DATA FOR REVIEW:
=== Begin Enclosure ===

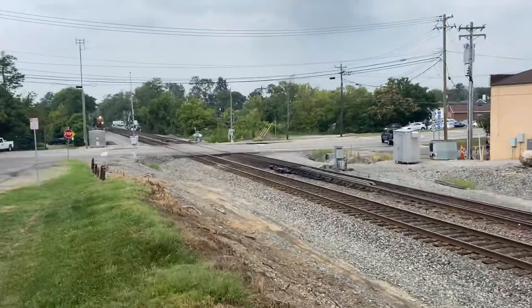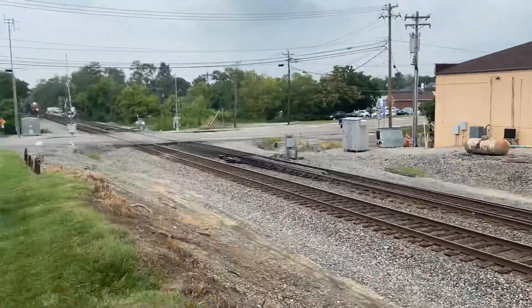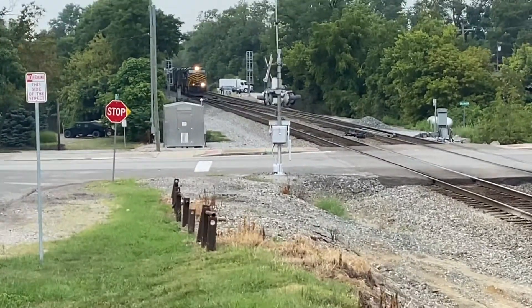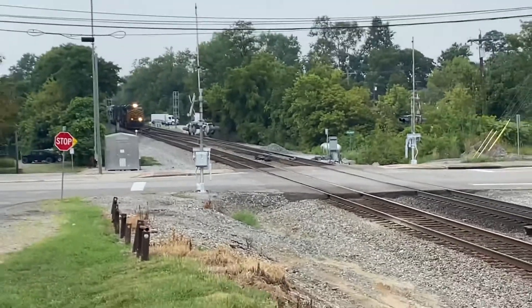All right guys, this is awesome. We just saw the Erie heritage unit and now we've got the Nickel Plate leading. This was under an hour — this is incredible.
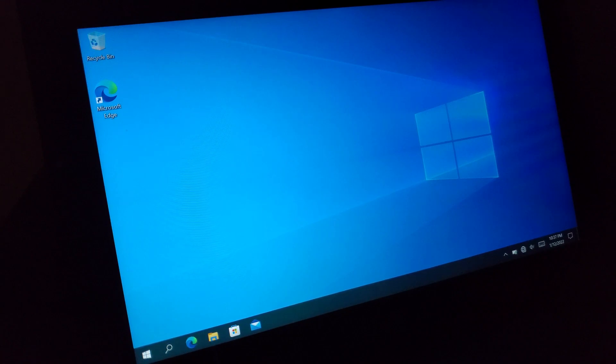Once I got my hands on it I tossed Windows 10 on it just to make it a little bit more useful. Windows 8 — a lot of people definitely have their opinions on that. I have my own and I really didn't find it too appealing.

=== End Enclosure ===
=== Begin Enclosure ===

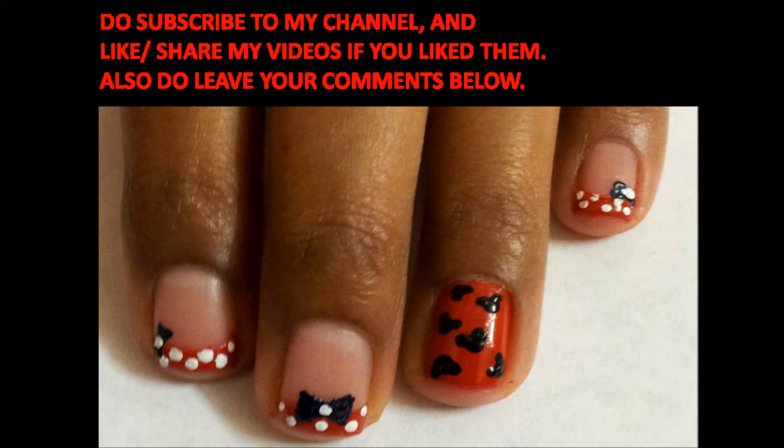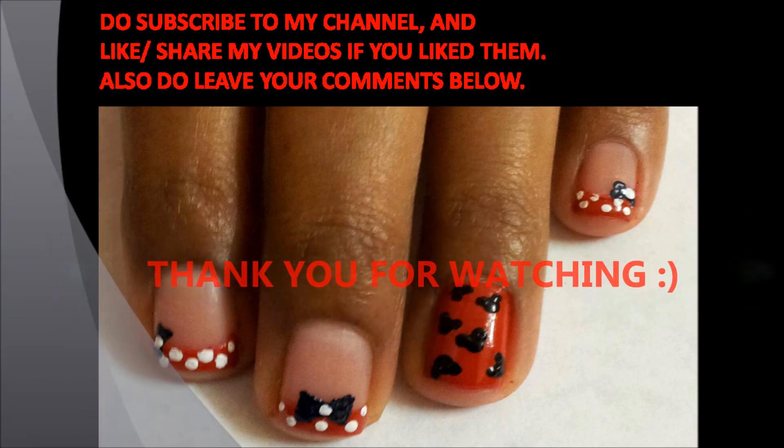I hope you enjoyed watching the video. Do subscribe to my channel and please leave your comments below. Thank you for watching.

=== End Enclosure ===
=== Begin Enclosure ===

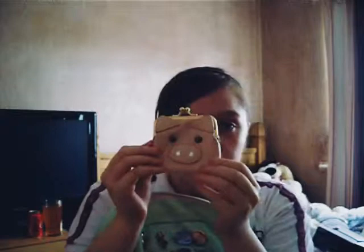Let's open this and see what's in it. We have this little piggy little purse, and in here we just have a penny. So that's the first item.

=== End Enclosure ===

Output only the stretch above from the line with "All right guys, this" through the line with "Once I got my", reproduced exactly. Exclude pictures.

ANSWER SPACE:
All right guys, this is awesome. We just saw the Erie heritage unit and now we've got the Nickel Plate leading. This was under an hour — this is incredible.
Once I got my hands on it I tossed Windows 10 on it just to make it a little bit more useful. Windows 8 — a lot of people definitely have their opinions on that. I have my own and I really didn't find it too appealing.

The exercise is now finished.